Scan the data below and pick out the lines containing the word "Skin".

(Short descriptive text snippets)
::::::::::
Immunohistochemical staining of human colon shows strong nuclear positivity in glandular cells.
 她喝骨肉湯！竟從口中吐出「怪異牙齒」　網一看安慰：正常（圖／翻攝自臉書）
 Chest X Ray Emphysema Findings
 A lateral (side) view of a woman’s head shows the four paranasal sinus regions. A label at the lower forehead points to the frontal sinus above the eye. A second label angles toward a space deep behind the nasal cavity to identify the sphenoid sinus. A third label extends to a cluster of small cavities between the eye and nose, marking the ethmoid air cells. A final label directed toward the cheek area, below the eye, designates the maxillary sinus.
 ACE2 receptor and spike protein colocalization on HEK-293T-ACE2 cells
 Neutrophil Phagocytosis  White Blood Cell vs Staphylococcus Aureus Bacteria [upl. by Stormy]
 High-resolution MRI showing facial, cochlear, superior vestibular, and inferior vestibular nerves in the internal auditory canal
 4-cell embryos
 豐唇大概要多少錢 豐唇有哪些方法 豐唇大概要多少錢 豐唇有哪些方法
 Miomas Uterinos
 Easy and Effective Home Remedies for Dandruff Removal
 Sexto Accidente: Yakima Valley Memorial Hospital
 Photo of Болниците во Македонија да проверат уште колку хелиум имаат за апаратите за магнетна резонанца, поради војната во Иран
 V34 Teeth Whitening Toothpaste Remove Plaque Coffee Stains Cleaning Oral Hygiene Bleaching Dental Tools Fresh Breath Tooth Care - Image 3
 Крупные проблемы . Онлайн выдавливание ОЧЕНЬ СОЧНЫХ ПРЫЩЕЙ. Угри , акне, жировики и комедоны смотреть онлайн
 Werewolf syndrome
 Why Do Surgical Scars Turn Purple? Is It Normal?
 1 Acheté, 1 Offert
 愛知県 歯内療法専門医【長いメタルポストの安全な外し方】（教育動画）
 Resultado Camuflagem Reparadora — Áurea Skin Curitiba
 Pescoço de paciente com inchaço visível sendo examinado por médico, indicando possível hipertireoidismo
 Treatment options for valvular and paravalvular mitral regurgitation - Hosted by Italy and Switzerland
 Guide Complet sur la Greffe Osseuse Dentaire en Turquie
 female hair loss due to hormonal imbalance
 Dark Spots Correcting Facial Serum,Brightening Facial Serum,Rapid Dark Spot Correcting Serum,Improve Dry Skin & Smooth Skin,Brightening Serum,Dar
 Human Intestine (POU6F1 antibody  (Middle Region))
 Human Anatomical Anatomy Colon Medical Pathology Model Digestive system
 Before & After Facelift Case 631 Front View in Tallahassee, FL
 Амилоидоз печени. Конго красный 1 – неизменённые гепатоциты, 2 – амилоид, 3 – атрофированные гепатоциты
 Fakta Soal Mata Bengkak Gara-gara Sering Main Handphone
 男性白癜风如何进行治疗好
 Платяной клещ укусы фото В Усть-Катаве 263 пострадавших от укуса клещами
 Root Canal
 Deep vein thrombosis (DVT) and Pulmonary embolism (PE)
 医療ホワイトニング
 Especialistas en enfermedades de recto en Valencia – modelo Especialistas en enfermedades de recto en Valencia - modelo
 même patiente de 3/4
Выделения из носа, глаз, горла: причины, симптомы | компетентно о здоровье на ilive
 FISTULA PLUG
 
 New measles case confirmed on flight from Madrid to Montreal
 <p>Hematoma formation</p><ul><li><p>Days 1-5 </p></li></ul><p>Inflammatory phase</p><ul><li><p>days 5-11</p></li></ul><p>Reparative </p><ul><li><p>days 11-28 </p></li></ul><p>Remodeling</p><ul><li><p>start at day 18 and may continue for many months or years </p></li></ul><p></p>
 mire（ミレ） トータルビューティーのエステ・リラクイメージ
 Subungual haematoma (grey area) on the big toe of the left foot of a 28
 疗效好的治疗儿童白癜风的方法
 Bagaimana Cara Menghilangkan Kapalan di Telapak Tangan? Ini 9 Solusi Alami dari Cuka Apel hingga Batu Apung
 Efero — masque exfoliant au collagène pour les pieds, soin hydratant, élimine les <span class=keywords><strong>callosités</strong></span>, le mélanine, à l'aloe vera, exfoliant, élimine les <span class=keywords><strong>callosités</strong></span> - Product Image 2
::::::::::
* [SOLUTION TO THIS PROBLEM]
 Resultado Camuflagem Reparadora — Áurea Skin Curitiba
 Dark Spots Correcting Facial Serum,Brightening Facial Serum,Rapid Dark Spot Correcting Serum,Improve Dry Skin & Smooth Skin,Brightening Serum,Dar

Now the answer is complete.